Feinstaub:Moos soll Stuttgarter Luft sauberer machen

Feinstaub-Alarm in Stuttgart

Stickige Stadt: Viele Autos stoßen viel mehr Schadstoffe aus als erlaubt. Stuttgart ist besonders belastet.

(Foto: Bernd Weissbrod/dpa)
  • 34 Mal in diesem Jahr überschritt Stuttgart bereits die Feinstaubobergrenze, ab dem 35. Mal droht die EU mit drastischen Strafen.
  • Verkehrsminister Winfried Hermann fordert eine "blaue Plakette", die die Normen fur Diesel verschärft.
  • Zudem sollen Moose im Stadtgebiet die Luft filtern und verbessern.

Von Josef Kelnberger

Mit ausreichend Moos lässt sich in der Politik so manches Problem lösen.

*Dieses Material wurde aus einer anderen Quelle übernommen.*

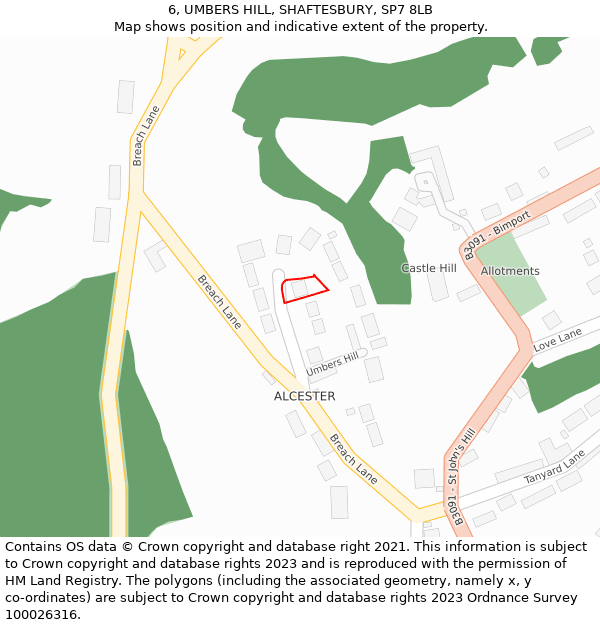 6, UMBERS HILL, SHAFTESBURY, SP7 8LB: Location map and indicative extent of plot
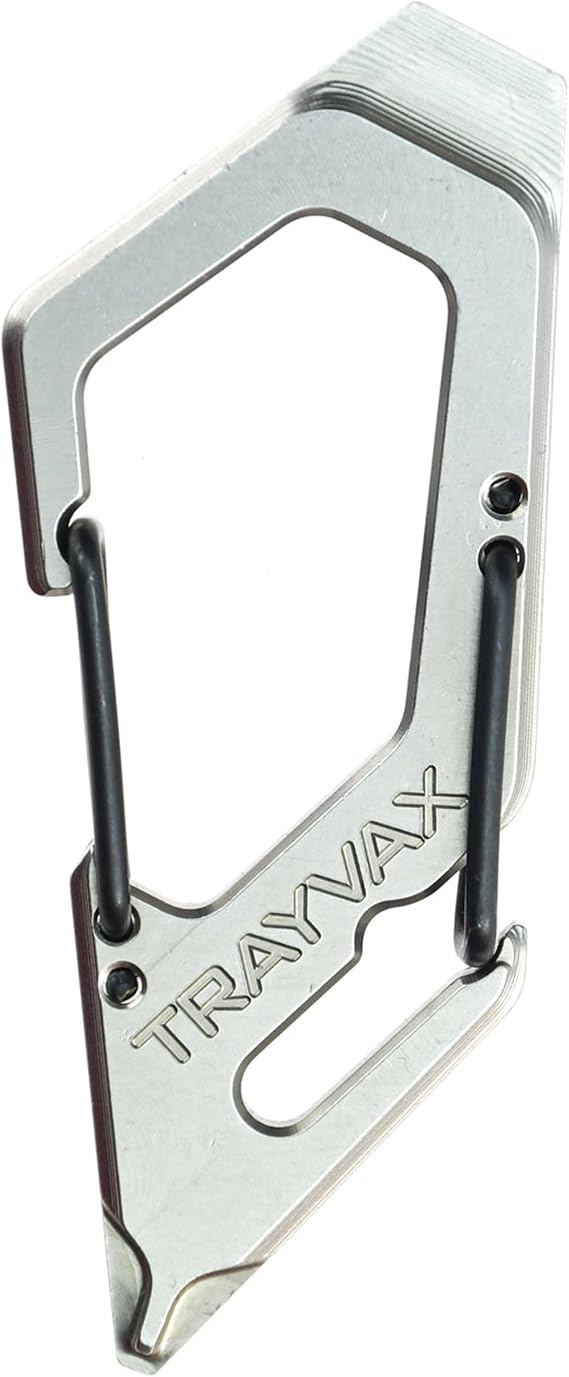 Trayvax Talon Carabiner Clip Multi-Tool, 420 Stainless Steel Quick Release Keychain Multitool with Bottle Opener and Screwdrivers, Silver
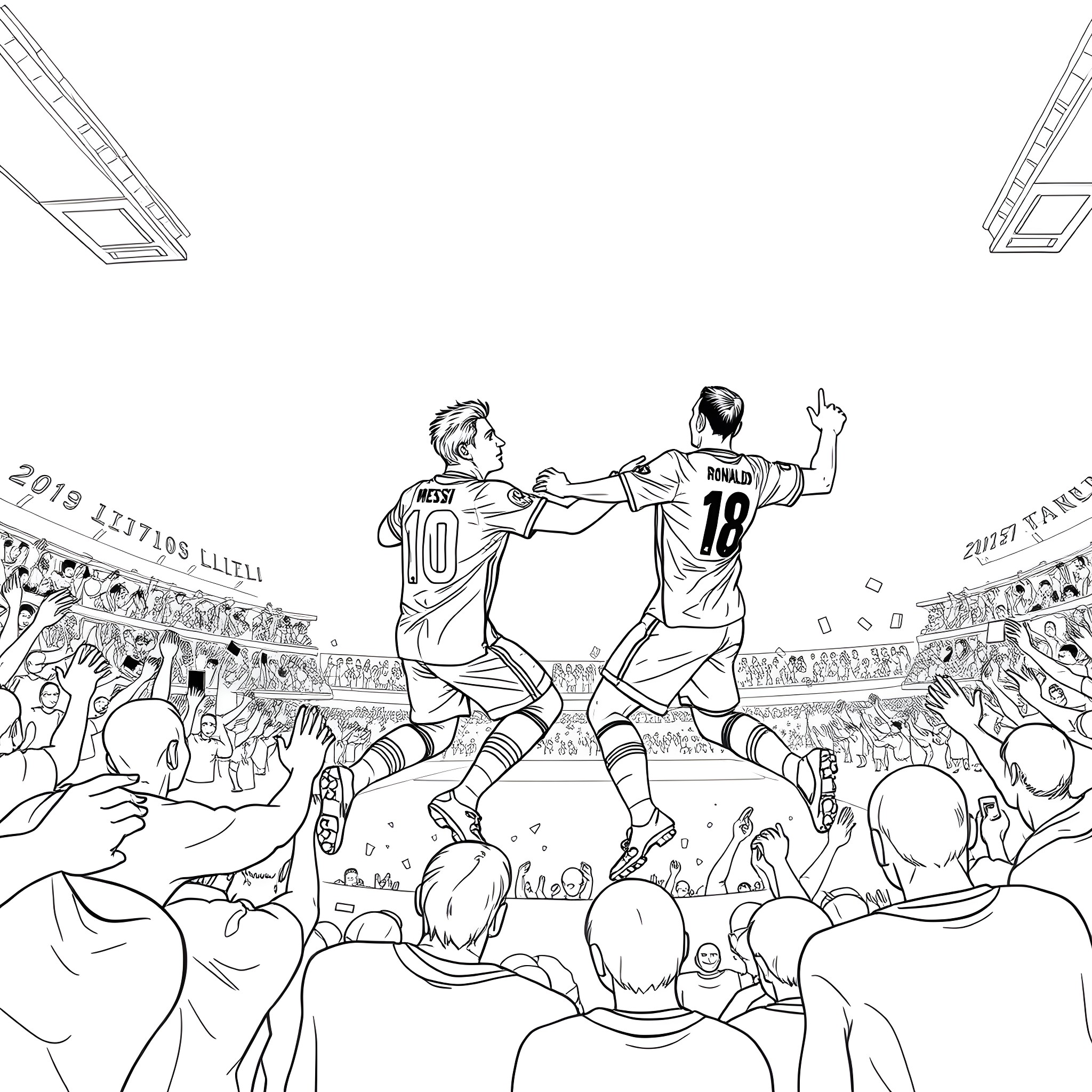 Messi and teammate celebrate victory on the field Coloring Page (free black-and-white line drawing printable PDF for all, from beginners to advanced learners, including children, teens, adults, and seniors)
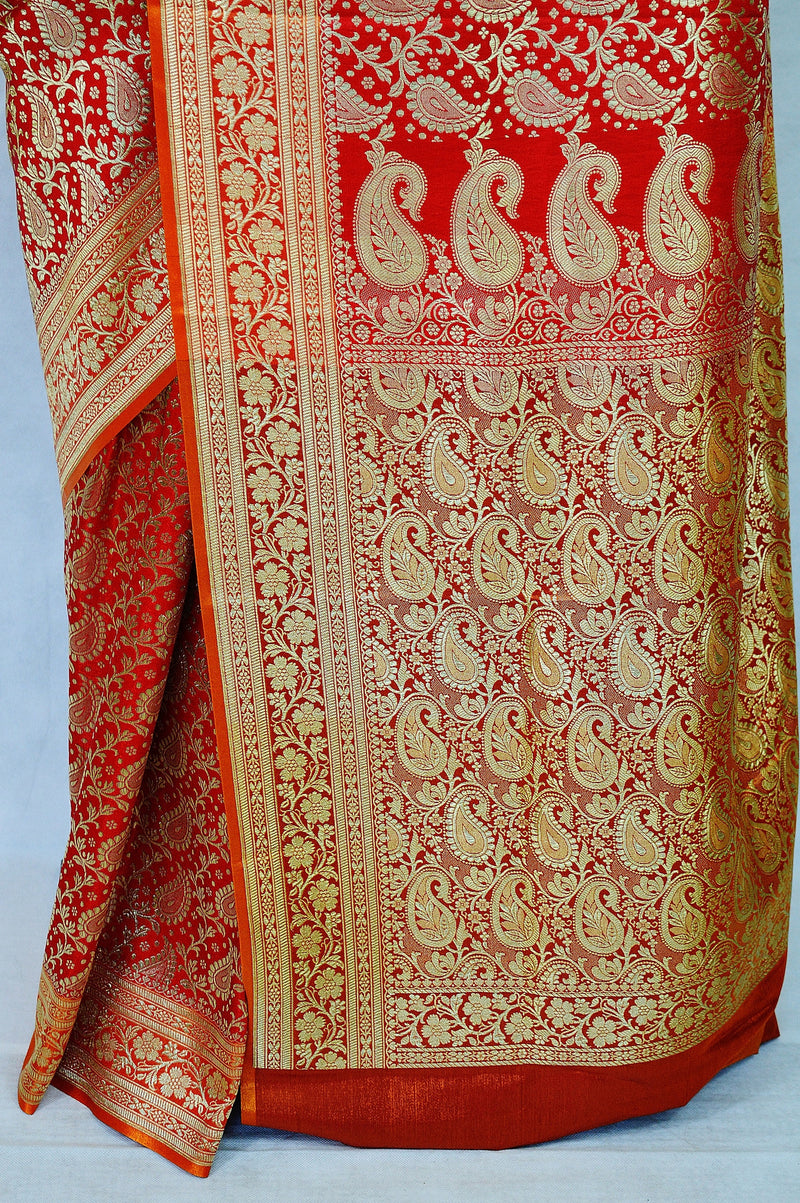Banaras Saree With Attached Blouse piece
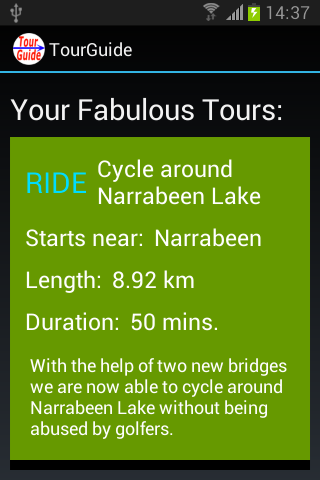 Android application TourGuide screenshort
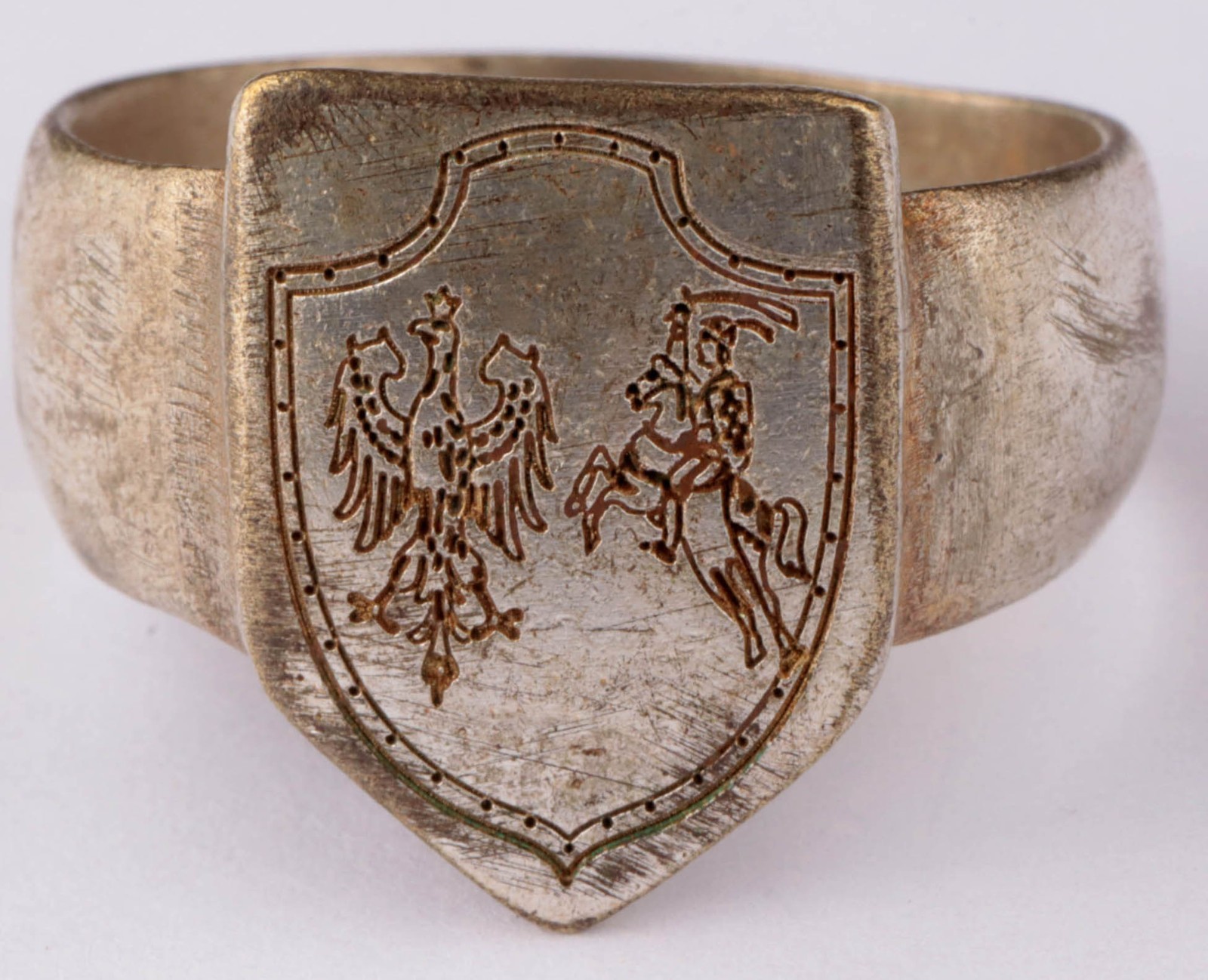 Ring Coat of arms Republic of Central Lithuania 1920–1922 Polish eagle Size 11.5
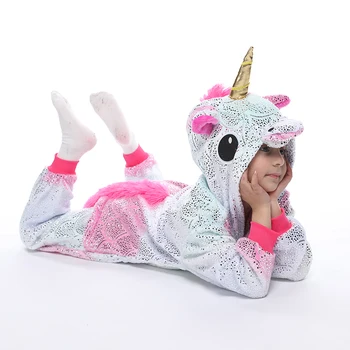Copii Anime Pijamale Unicorn Fată Băiat Pijama de Desene animate de Animale Cosplay Pijama Salopeta Kigurumi Copii Unicorn costumașul 4-12Y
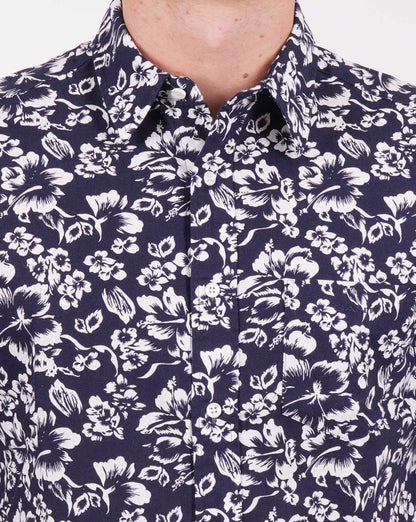 Gant Floral Cotton Linen SS Shirt Navy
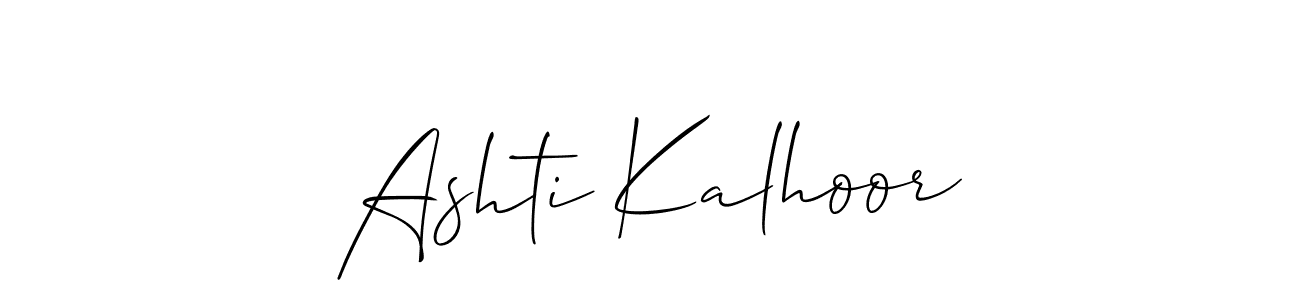 Use a signature maker to create a handwritten signature online. With this signature software, you can design (Allison_Script) your own signature for name Ashti Kalhoor. Ashti Kalhoor signature style 2 images and pictures png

Das gilt für die Stadt Stuttgart nicht nur im übertragenen Sinn, sondern auch ganz konkret: An einer hundert Meter langen Wand soll demnächst untersucht werden, ob Moose der Luft Feinstaub entziehen und damit helfen können, die von der EU gesetzten Grenzwerte einzuhalten. 380 000 Euro zahlt die Stadt für das Pilotprojekt, 170 000 das Land Baden-Württemberg. Jede Menge Geld, um einem Albtraum zu entgehen, der Politiker in vielen Städten Deutschlands plagt: Fahrverbote auf innerstädtischen Straßen.

Moos allein wird aber nicht reichen. "Stuttgart packt's an" lautet das Motto, wenn der grüne Oberbürgermeister Fritz Kuhn an diesem Mittwoch die zweite Stuttgarter Feinstaubalarm-Saison eröffnet. Ein Appell an die Autofahrer: Lasst die Karre freiwillig stehen, sonst müssen wir euch zwingen. Letzte Chance!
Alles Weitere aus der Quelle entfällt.